- What you should do:
Each line of the data below should be restated exactly, with images left out.

- Provided data:
+++++

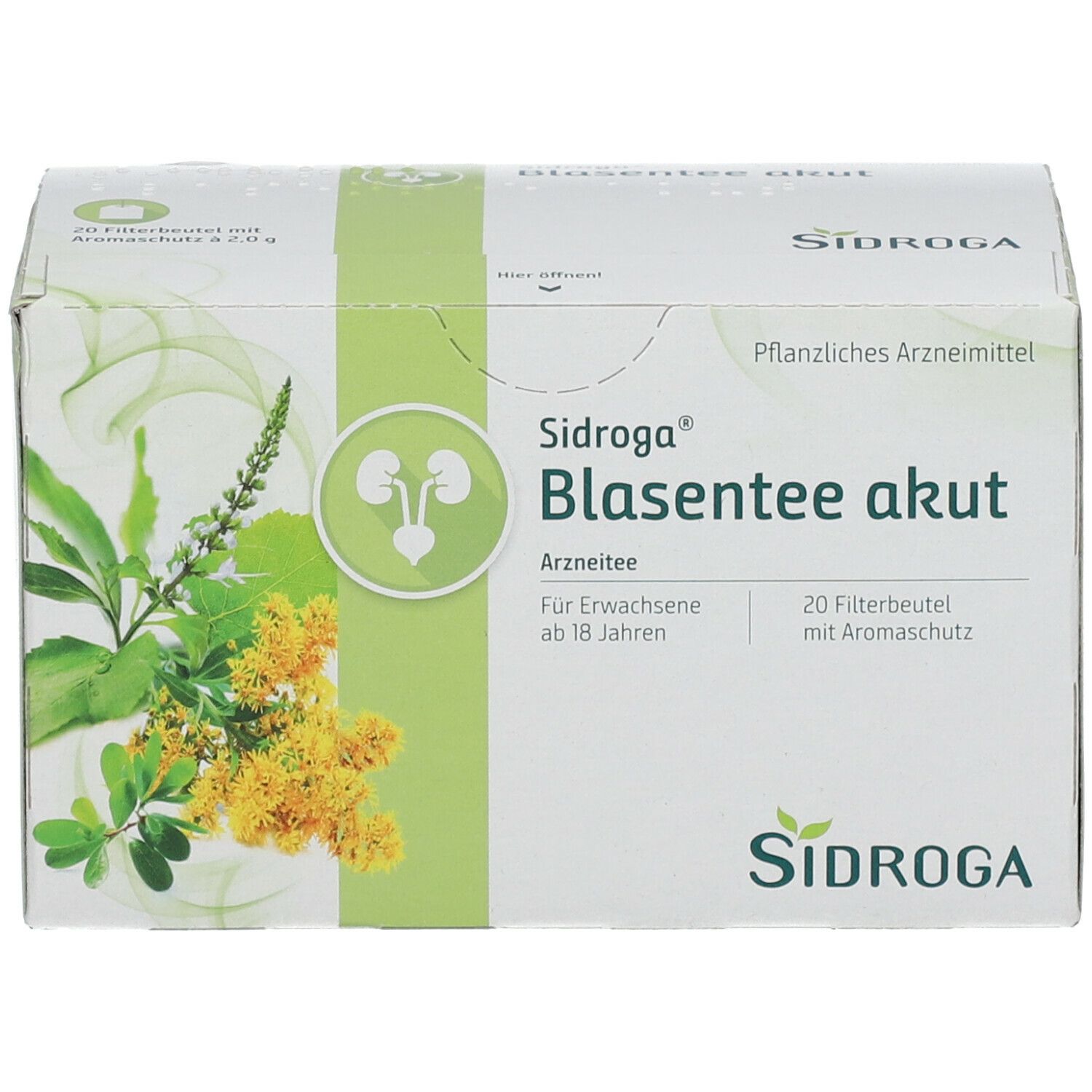 Sidroga® Blasentee akut, Arzneitee, 20 Filterbeutel. Verpackung mit Logo, Pflanzenabbildung und Produktinformationen.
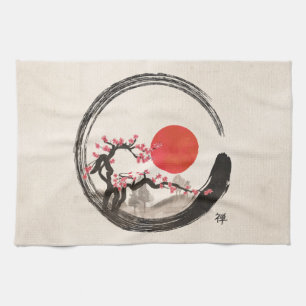 Linge De Cuisine Cercle d'Enso de zen et arbre de Sakura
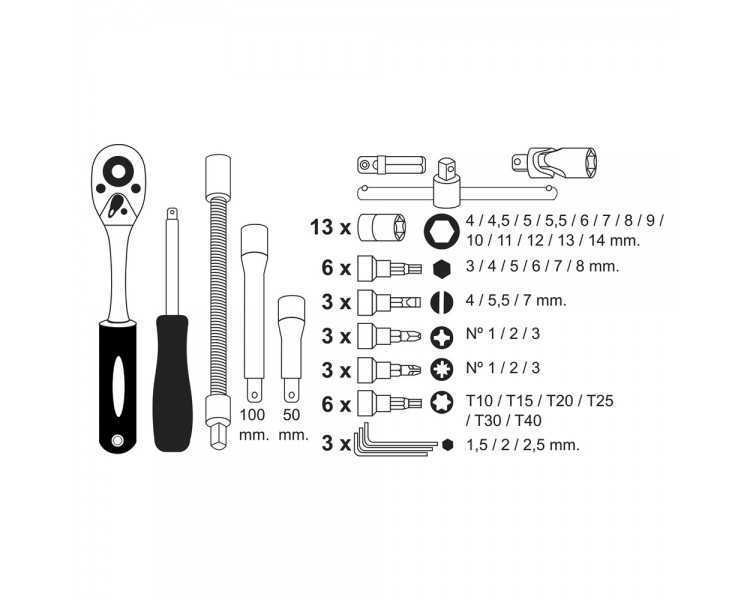 Juego Llaves De Vaso y Puntas 1/4" 46 Piezas. Con Apadtador. Cromo Vanadio, Kit Llave Combinada, Kit Carraca, Juego Llaves Vaso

+++++

- Answer for this exercise:
 Sidroga® Blasentee akut, Arzneitee, 20 Filterbeutel. Verpackung mit Logo, Pflanzenabbildung und Produktinformationen.
 Linge De Cuisine Cercle d'Enso de zen et arbre de Sakura
 Juego Llaves De Vaso y Puntas 1/4" 46 Piezas. Con Apadtador. Cromo Vanadio, Kit Llave Combinada, Kit Carraca, Juego Llaves Vaso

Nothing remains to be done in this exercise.